Platform-platform ilegal ini beroperasi dengan mengganti domain mereka setiap kali tindakan pemblokiran dilakukan, bahkan ada komunitas yang berbagi tautan baru secara real-time. Akibatnya, situs-situs ini telah menjadi "bioskop ilegal" yang lebih cepat daripada layanan OTT resmi.
Industri OTT berada dalam kondisi siaga tinggi. Streaming ilegal bukan sekadar pelanggaran hak cipta, melainkan "pukulan telak" yang merusak model pendapatan platform berbasis langganan. Netflix, TVING, Disney+, Wavve, dan lainnya dilaporkan telah merugi puluhan miliar won setiap tahunnya, dengan perkiraan kerugian hak cipta industri konten Korea mencapai 5 triliun won per tahun.
Terutama di Tiongkok, meskipun Netflix tidak dapat diakses secara resmi, 'Squid Game 3' tetap beredar luas melalui streaming ilegal. Bersamaan dengan itu, di pusat perbelanjaan seperti AliExpress, barang-barang ilegal seperti kaos dan kostum peserta yang dicetak dengan wajah Lee Jung-jae dijual secara terang-terangan.
Profesor Seo Kyeong-deok dari Universitas Sungshin mengkritik keras, "Tindakan yang tidak hanya menonton secara ilegal tetapi juga melanggar hak potret ini sama saja dengan mencuri industri budaya Korea."
Alasan mengapa kebocoran konten sulit diberantas adalah karena server terletak di luar negeri dan domain yang terus berganti. Bahkan dengan kerja sama antara perusahaan OTT dan lembaga pemerintah, pemblokiran yang efektif hampir mustahil jika penyedia hosting luar negeri tidak kooperatif. Industri sepakat bahwa penindakan individual sudah tidak memadai, dan diperlukan pembentukan sistem kerja sama internasional dalam bentuk "aliansi hak cipta global".
Sebagai alternatif, sistem yang memanfaatkan teknologi pelacakan konten AI juga dipertimbangkan untuk mendeteksi nilai hash (pengenal unik) sumber video secara real-time dan menghubungkannya dengan permintaan penghapusan segera ke platform asing. Selain itu, rencana sedang digodok agar perusahaan OTT yang memproduksi dan mendistribusikan konten secara bersama-sama menyisipkan "tanda air digital" untuk melacak jalur kebocoran asli dari salinan ilegal.

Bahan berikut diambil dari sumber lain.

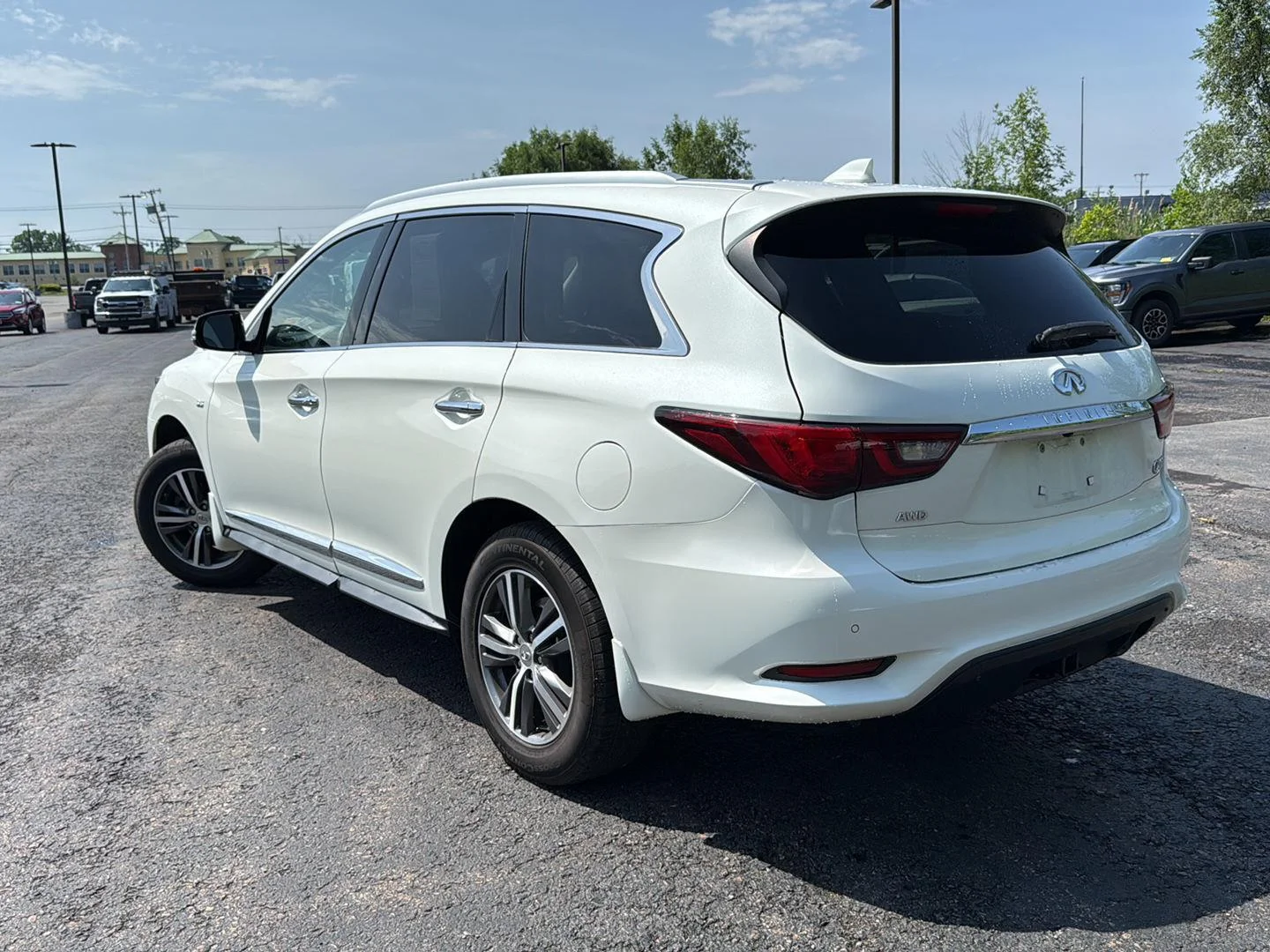 Used 2020 Majestic White INFINITI LUXE image 3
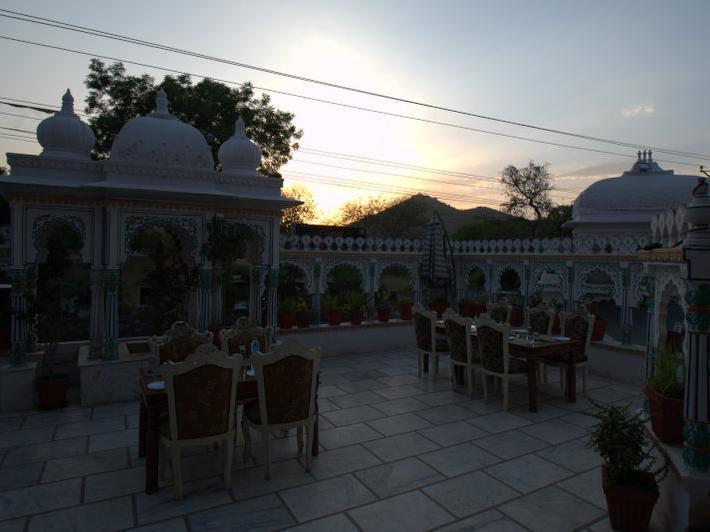 Fabhotel Prime Empire Palace Udaipur Exterior foto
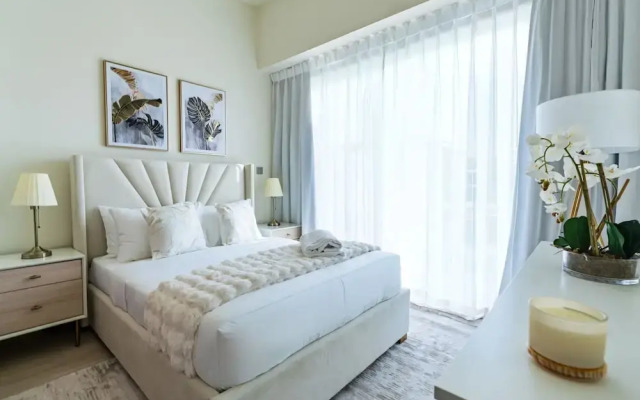 Nasma Luxury Stays - Azizi Riviera 44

Pakar memperingatkan, "Saat penonton ilegal hanya menjadi konsumen, ekosistem K-content akan runtuh." Kebocoran K-content bukanlah insiden tunggal, melainkan cerminan dari krisis struktural yang dihadapi industri budaya Korea.
Membangun "sistem pencegahan ekosistem hak cipta" berskala global adalah prioritas utama. Tindakan penegakan hukum individual akan sia-sia jika domain terus berganti, sehingga solusi untuk melindungi fondasi ekosistem konten bermuara pada "aliansi hak cipta global", teknologi pelacakan AI, dan penguatan kerja sama antarnegara.
Banyak netizen Korea yang mengungkapkan kemarahan mereka, berkomentar: "Pembajakan ini benar-benar tidak bisa ditoleransi, harus dihukum berat!" dan "Sangat menyebalkan melihat wajah aktor favorit kami disalahgunakan untuk barang ilegal seperti ini."